Enfin, abordons le rapport entre le film et le philosophe que le personnage de Stanley cite à plusieurs reprises : Nietzsche. Évidemment, il est fait référence à « Dieu est mort » (« je pense que Nietzsche a réglé son compte une bonne fois pour toutes à Dieu ») et au travail que l’homme doit faire sur lui-même suite à cette mort. Stanley est de ceux qui pensent que Dieu est mort, mais il ne parvient pas à reconstruire une morale personnelle et suite à cela, il est confronté à un néant qui lui fait profondément peur. C’est en cela que la présence de Sophie finira par le rassurer, car, ne parvenant pas à expliquer son « truc », il commence à y croire. Le film nous dit donc qu’une majorité de gens croit en quelque chose pour se rassurer, et que même certains des plus athées d’entre nous ont besoin de croire en quelque chose. Cependant, Stanley n’est qu’un personnage, et n’est, à mes yeux, pas le représentant de l’athée typique.
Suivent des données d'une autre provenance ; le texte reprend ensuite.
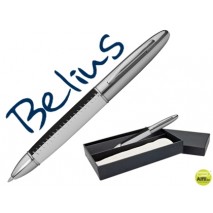 BOLIGRAFO BELIUS OSLO SIMIL PIEL BLANCO Y NEGRO EN ESTUCHE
La négation de Dieu et de l’âme ne fait pas de nous des gens forcément malheureux, et nous ne cherchons pas forcément à nous rassurer, simplement parce que cette forme de nihilisme ne doit pas nécessairement nous inquiéter. Il est difficile de discerner dans ce que l’on perçoit dans le film quelle est la pensée du personnage et quelle est la pensée du réalisateur. On rencontre le même problème en littérature. Et dans tous les cas, peu importe que je sois ou non d’accord avec le réalisateur sur cette idée, ça ne remet pas en cause son talent artistique. À mes yeux, la philosophie du personnage aurait mérité d’être davantage approfondie, mais je pense qu’en revoyant le film en ayant pris du recul, je saisirai plus de choses que la première fois. Je ne vais donc pas aller plus avant dans l’étude de la philosophie de ce passage, car il faudrait que j’aie le film sous les yeux afin d’être précis. Ce que j’explique ici ne reste donc qu’une première impression (avec un certain recul cependant).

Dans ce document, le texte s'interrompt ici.